おにぎりには、夫婦関係のように色々な形がある。
ごめんね粗相。
ともかく、そこから「人間の手の器用さを表している」と言ってみたかった。
そして赤ちゃんに粘土のような、可変なものを渡した時、まずどんな形にするのか。
ぐちゃぐちゃは考慮に入れないとして、人が一番「作りたがるもの」というものを考えてみようと思っていた。
しかしおにぎりの形はもう、そんな根源的なものを語る上では、あまりに世間慣れしてしまっていることに気づいた。
要は、落としても転がらないようにの三角形。
要望や技術がふんだんに詰まった結果の形なのである。
おそらく、おにぎり誕生当時は、転がって転がって大変だったはずだ。
それを改善した。
ドアが自動に開いたり、トイレがお尻を洗ってくれたり。
それらはおにぎりの三角形の延長線上に存在しているわけだ。
そう考えると、三角形のおにぎりはちょっとかわいくない。
じゃあ俵型のおにぎりはどうなのだろう。
転がり上等なのだろう。
近くに塩湖や、炊きたてお米が広がる高原はなかっただろうか。
カテゴリー: ものことば
ロケットパンチ。
昔あった超合金のロボットは、必ずと言っていいほどロケットパンチを標準装備していた。

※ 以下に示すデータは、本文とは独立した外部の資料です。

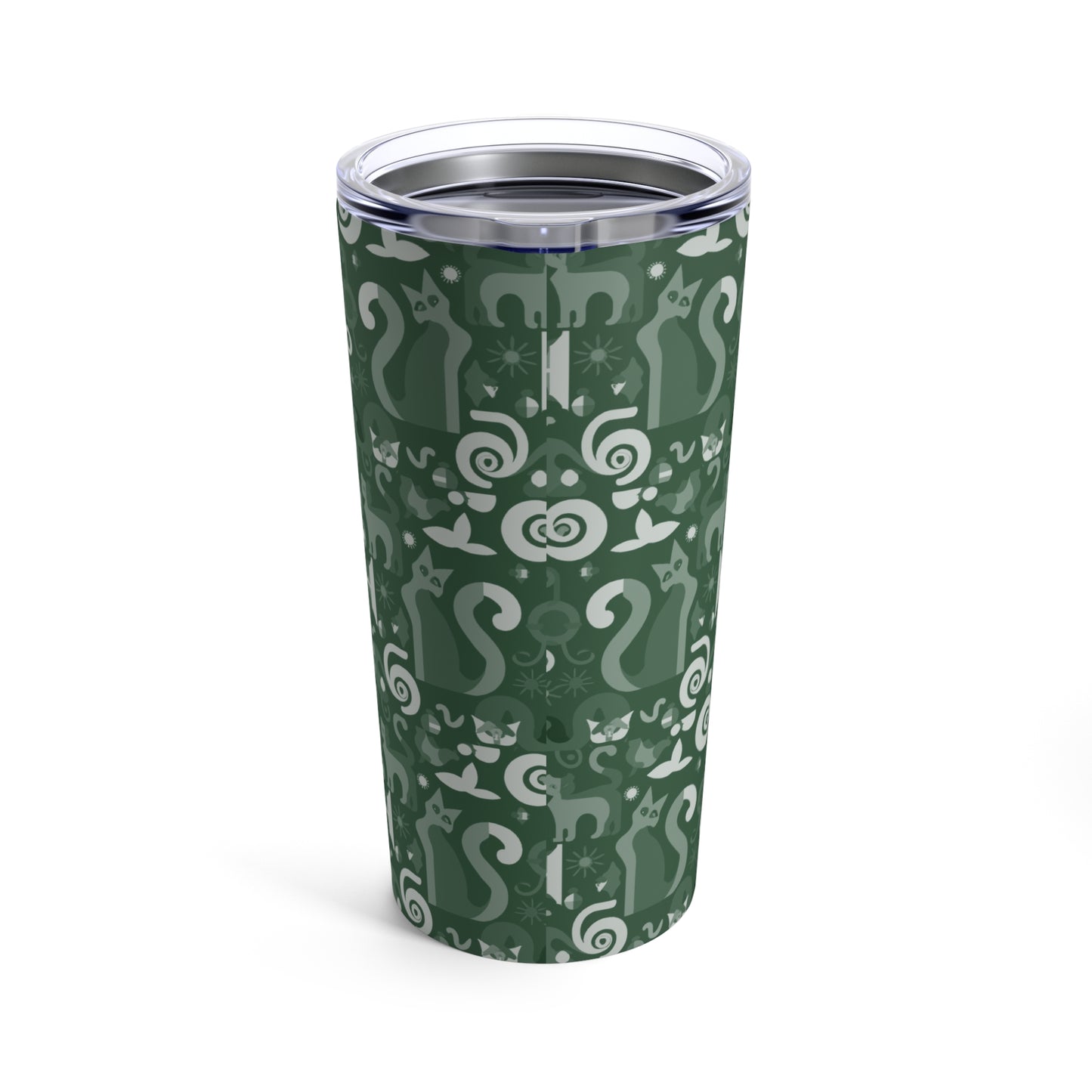 Purrfect Pattern in Green - Tumbler 20oz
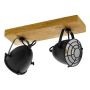 Eglo spotlampe Gatebeck 2xE14 træ/sort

僕もいくつか持っていたように思うが、それもやっぱりロケットパンチがついていて、よく手首から先がなくなってしまうのだった。
さて、そんな手首の先。
これまた必ずと言っていいほど拳をにぎっていてしかも穴があいているんである。
このことが示しているのは「このおもちゃにはアクセサリがあります」だろう。
何かの光線銃だとか、剣だとかだ。
ただ、確かに銃を持った拳がロケットパンチとして飛んでいくさまはなかなかいいが、とらえ方によっては別のことを示している気もする。
「何かにぎりたい」
あの拳はにぎりたがっている。
かつてあんな雄弁な拳があっただろうか。
それは男の証でもなく、力の象徴でもない。
にぎることに一直線の拳だった。
そう考えると、たいていつまようじを持たせていた僕の行為は許されるものじゃない。
手にラメのつくバッグ。
手に持つところがやたらキラキラしたバッグは、何を意味しているのだろうか。
「お前は手元が貧相だ」
しかしこうなると、キラキラしているものは全て何かが貧相であることを物語っていることになる。
そんなことじゃないだろう。
「ここだ!、手に持つところはここだ!!」
親切である。
東京タワーの点滅するライト。
「ここには東京タワーあるから!!」
それとおんなじ意味。
「心はいつも17歳!!」
僕が一番キラキラしていたのは、いつだったか。
ものことばについて。
その人は不意に目線をそらすと、どこからか椅子を持ってきて、おもむろに腰を下ろした。
「おもむろ」には楽しいところがたくさんだ。
まず、その意味は何となく「急に」っぽいが、実はそうでなく「ゆっくりと」。
漢字で書くと「徐に」と一文字におさまり。
そして「徐に」はやはり「じょに」と読んだ方が味、迫力ともに増す。
今ちょうど何作目かの「パイレーツオブカリビアン」のCMがやっていることも踏まえると、ここは「ジョニー」で行くのもいいかとも思うが、僕は、ジョニーのたぐいはほとんど知らない。
引き出しない。
じゃあ他にはあるのかと問われれば特になく、僕は疲れたから椅子に座りたい。
そう、椅子だ。
その人は不意に目線をそらすと、どこからか椅子を持ってきて、ゆっくりと腰を下ろしたんである。
その様子をみて、こう思ったんだった。
「ものことばってのもいいな」
花言葉というものがある。
説明はいらないだろう。
魚言葉というものがある。
これは吉田戦車の漫画にあったもので、それ以外の説明はいらないだろう。
まとめると「ものことば」というのは、説明はいらないだろう。
僕はその椅子を見て「お前には時間がかかる」という意味を見いだすことが出来た。